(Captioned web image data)

★ ★ ★ ★ ★ ★ ★

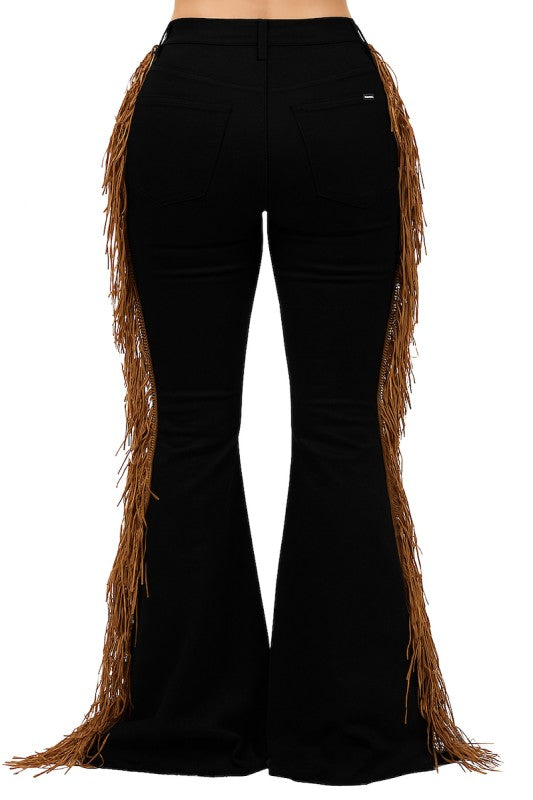 GJG Denim Fringe Bell Bottom Jean - Inseam 30 or 34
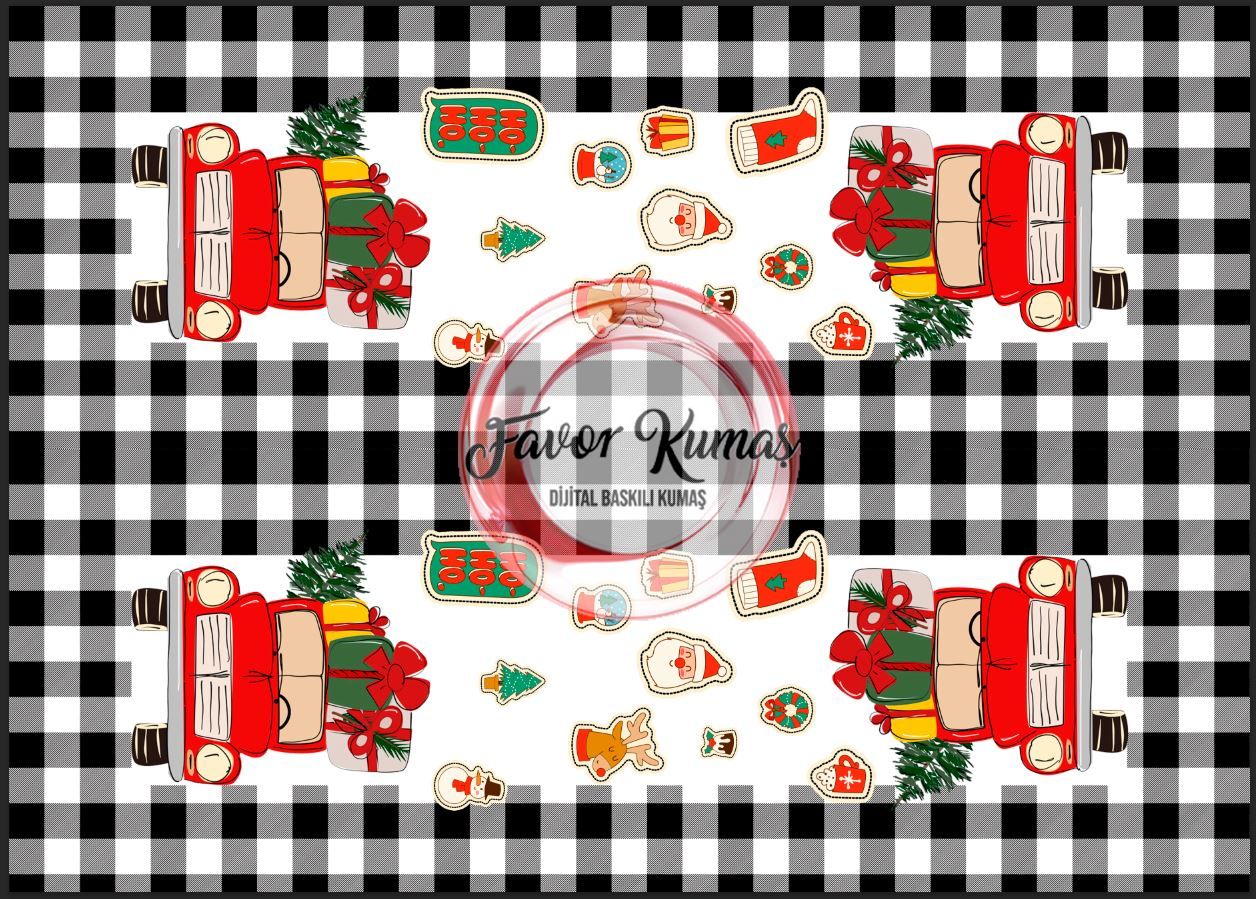 Yılbaşı Kamyonu Runner ve Supla Kumaşı 1 mt -2 adet runner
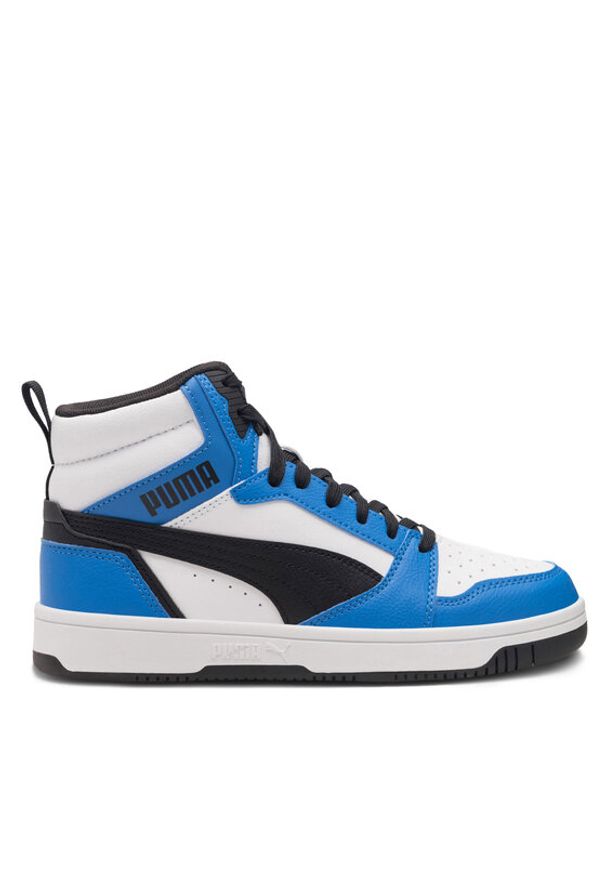 Puma Sneakersy Rebound V6 Mid Jr* 393831 06 Niebieski. Kolor: niebieski. Materiał: skóra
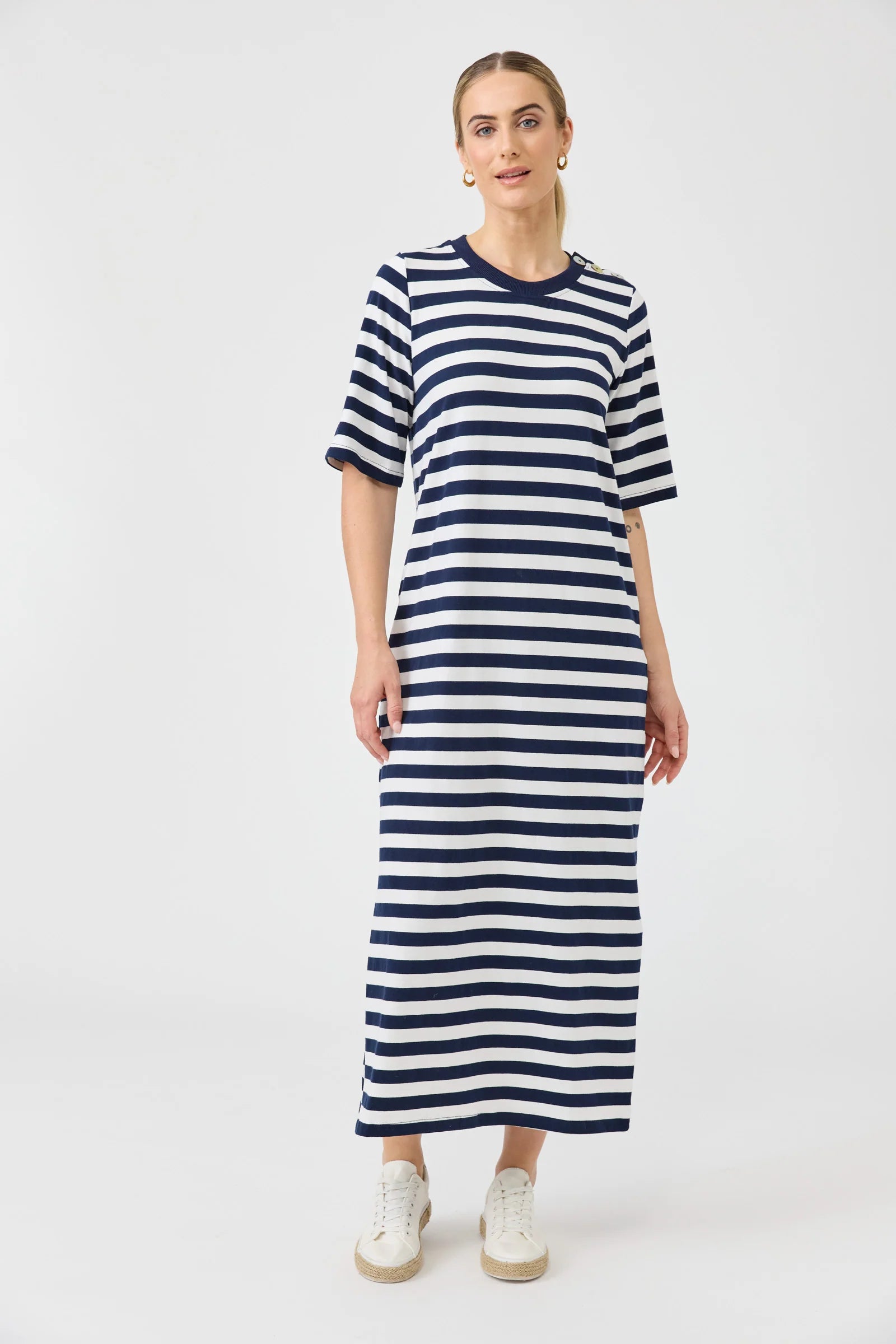 Studio Stripe T Shirt Dress - Indigo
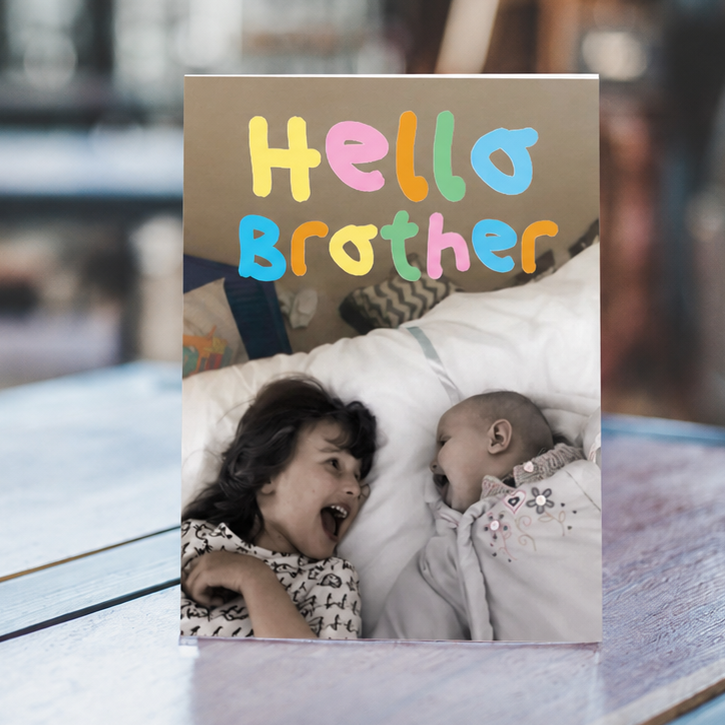 Card for a child with a new baby brother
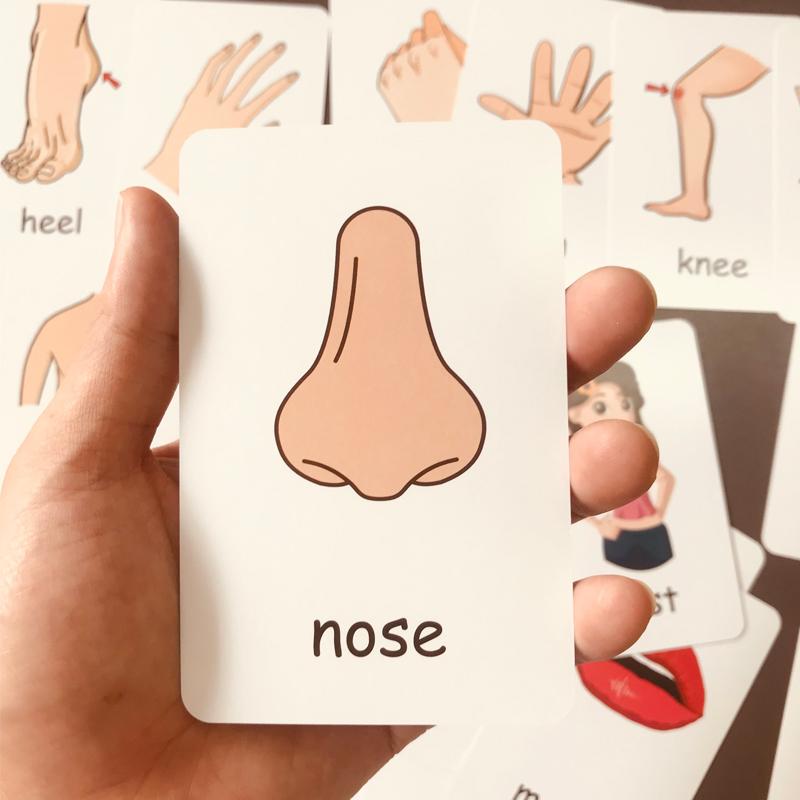 Copii învățare timpurie model de figuri de cuvinte engleze card carduri de buzunar flash jucării pentru copii rechizite pentru clasă cadou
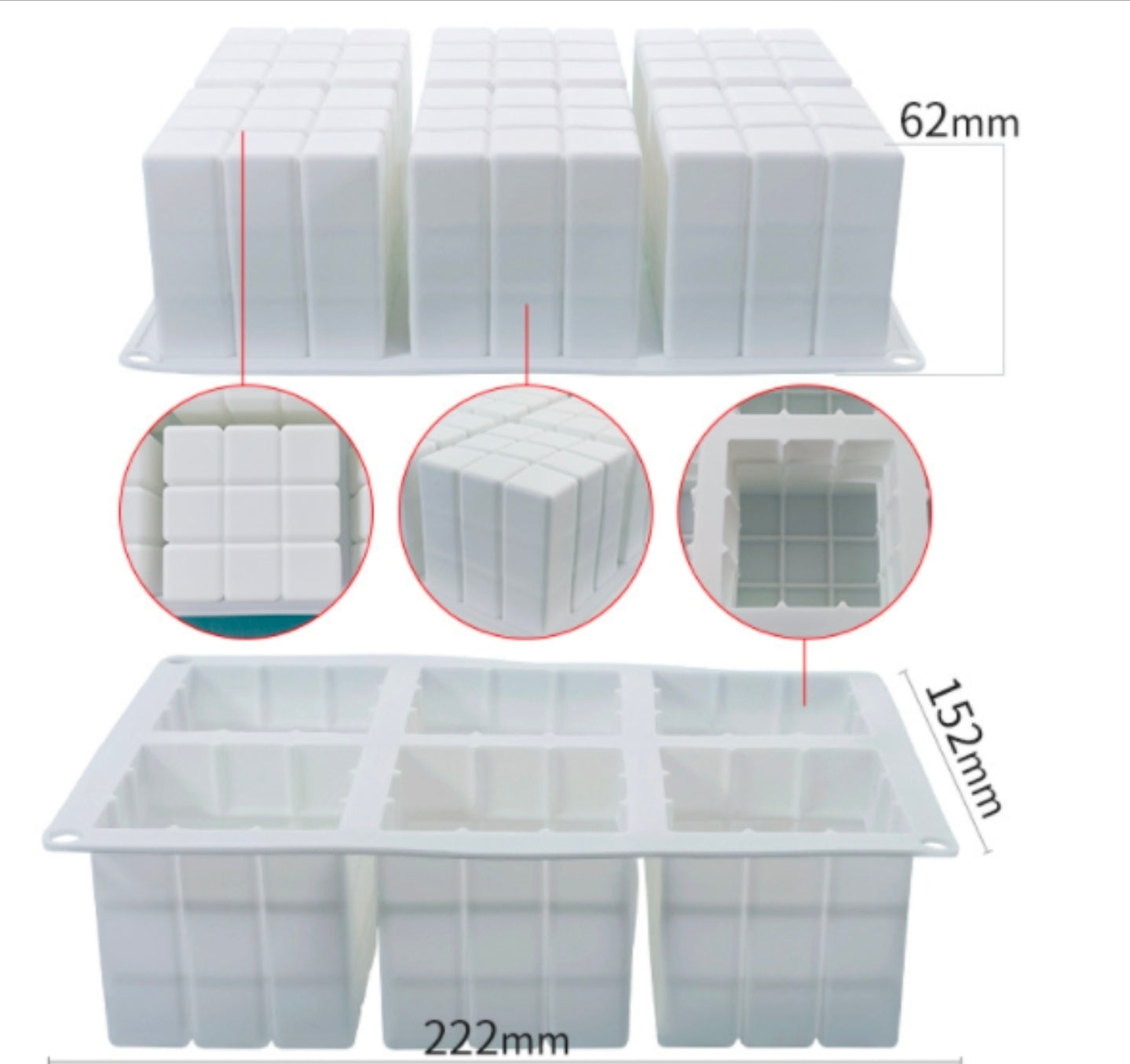Molde para Velones en forma de Burbujas Hongos Cubo y Sofá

★ ★ ★ ★ ★ ★ ★

Description of the task: Beginning with the line that holds "Copii învățare timpurie", return each line through the end of the records above exactly. Do not include pictures.

Expected output:
 Copii învățare timpurie model de figuri de cuvinte engleze card carduri de buzunar flash jucării pentru copii rechizite pentru clasă cadou
Molde para Velones en forma de Burbujas Hongos Cubo y Sofá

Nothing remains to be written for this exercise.